«Свободен от постоя» — табличка у ворот посерела от дождей и городской пыли. Врезанные в камень буквы зазеленели густой плесенью. Каменный столб давно покосился. Впрочем, ворот уже не было. Только у другого столба поскрипывала чугунная калитка, за которой начиналась дорожка, выложенная широкими плитами желтого известняка — как когда-то тротуары всех московских переулков. Улица Станкевича, 6 — с 1922 г., Большой Чернышев переулок — с конца XVIII в., Вознесенский — сегодня.

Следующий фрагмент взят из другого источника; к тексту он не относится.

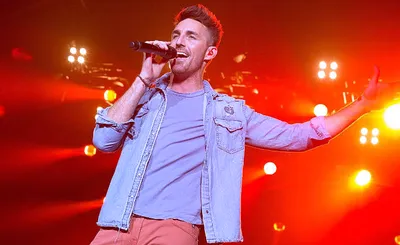 Jake Owen
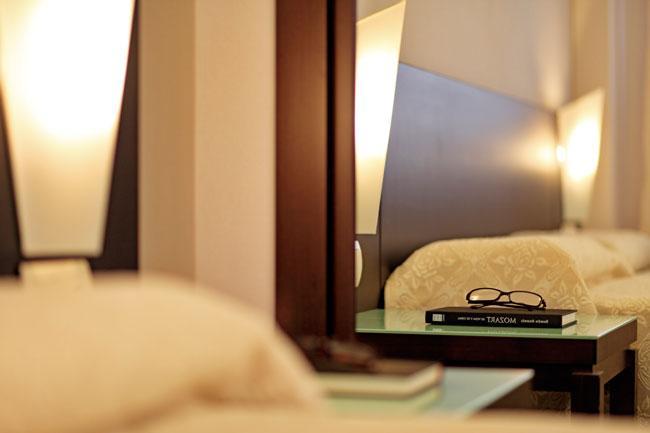Aparthotel Bib Rambla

Дорожка в 1948 г. вела к парадному подъезду — с широкими пологими ступенями, высокими дубовыми дверями, под модным когда-то навесом на литых чугунных колонках. Но Александр Георгиевич Габричевский усмехнулся: «Это не к академику Жолтовскому». В подъезд входили люди в милицейской форме — здесь помещался так называемый Отдел вневедомственной охраны района и еще какие-то моссоветовские службы.

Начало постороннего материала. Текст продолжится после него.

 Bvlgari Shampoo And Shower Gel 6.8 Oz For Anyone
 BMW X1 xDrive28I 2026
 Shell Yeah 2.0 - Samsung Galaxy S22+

За углом дорожка разбегалась в разные стороны. Одна окружала по периметру просторный двор былой, еще боярской, усадьбы — мимо дворницкой, людских, конюшни, поварни, превращенных в жилые закутки с отдельными (немыслимая роскошь тех лет!) входами. В такой «квартире» жила здесь с больным сыном особенно почитаемая Габричевским и Жолтовским преподавательница русского языка и литературы Вера Николаевна Величкина с неизлечимо больным сыном. В прошлом учительница знаменитой гимназии Петра и Павла, ставшая преподавателем Московского Горного института (надо же было сообщать будущим командирам могучей промышленной отрасли навыки грамотности!), Вера Николаевна пользовалась уважением своих почитателей не только благодаря взглядам на советскую литературу с ее бесконечными захлебами от собственной талантливости и вечности. Жолтовский не переставал удивляться ее «четкому», по его выражению, прагматизму. Вера Николаевна делила литературу на ту, которая должна возрождаться в человеческих чувствах и сознании, и на ту официальную, о которой не было смысла думать — просто при необходимости пробалтывать как «Отче наш», не засоряя мыслей и чувств ее сиюминутными стремлениями. «Берегите, как зеницу ока, человеческую реакцию на каждую прочитанную строку! Берегите себя!» — это выражение Величкиной не раз приходилось слышать и от Габричевского, и от Жолтовского.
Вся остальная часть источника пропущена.